Escreve por exemplo Edward Dark, pseudônimo de um colunista do sírio "Al-Monitor" e que vive em Aleppo, um dos bastiões dos rebeldes: "Assad está aqui para ficar, pelo menos pelo futuro previsível".

Reforça Ryan Crocker, embaixador norte-americano com vasta experiência no mundo árabe (foi embaixador na Síria, por exemplo, entre 1998 e 2001): "Precisamos encarar um futuro que inclua Assad - e considerar que, ruim como ele possa ser, há algo pior" (alusão óbvia aos grupos islamistas radicais que lutam ao lado ou, às vezes, contra os rebeldes moderados e laicos).

O problema é que os Estados Unidos não estão preparados para aceitar uma Síria em que Assad ainda mande, como o secretário de Estado John Kerry deixou claro em sua passagem por Davos, no fim da semana passada.

Em sendo assim, só "um milagre" pode romper o impasse, como admite Lakhdar Brahmimi, o representante da ONU e da Liga Árabe para a Síria e mediador de Genebra-2.

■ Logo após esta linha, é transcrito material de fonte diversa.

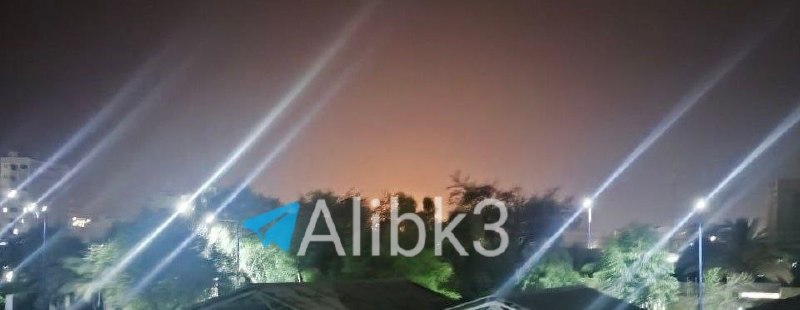 קול הפיצוץ בעיר אהוואז היה סמוך לשדה התעופה, ועדיין לא ידוע בוודאות היעד המיועד, אך אש עולה מאזור שנמצא בסמ…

Há, entretanto, analistas que vêem um outro caminho para uma eventual Genebra-3. Escrevem, por exemplo, Jeremy Shapiro, pesquisador do Instituto Brookings, e Samuel Charap, do Instituto Internacional de Estudos Estratégicos:

"Uma trilha regional é necessária porque a guerra civil síria se tornou uma guerra por procuração, principalmente entre Arábia Saudita [contra Assad] e Irã [pró-Assad], mas com importantes papeis representados por Qatar, Turquia e Iraque (os Estados Unidos e a Rússia também estão envolvidos nessa guerra, ainda que em menor escala)".

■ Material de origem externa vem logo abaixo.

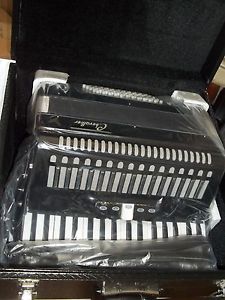 ACCORDÉON  CHEVALLIER 60 BASSES TOUCHES PIANO - NOIR - NEUF - GARANTIE 1 AN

O argumento para defender essa trilha é simples: "Os antecedentes em resolver guerras por procuração são claros. Até que os principais suportes externos alcancem algum tipo de acomodação, eles continuarão a financiar e armar seus aliados, com o que lhes dão esperança de vitória".

Tudo somado, fica claro que o único perdedor nesse conflito é o povo sírio, com seus 130 mil mortos e 9 milhões de refugiados, 2,5 milhões deles fora da Síria devastada.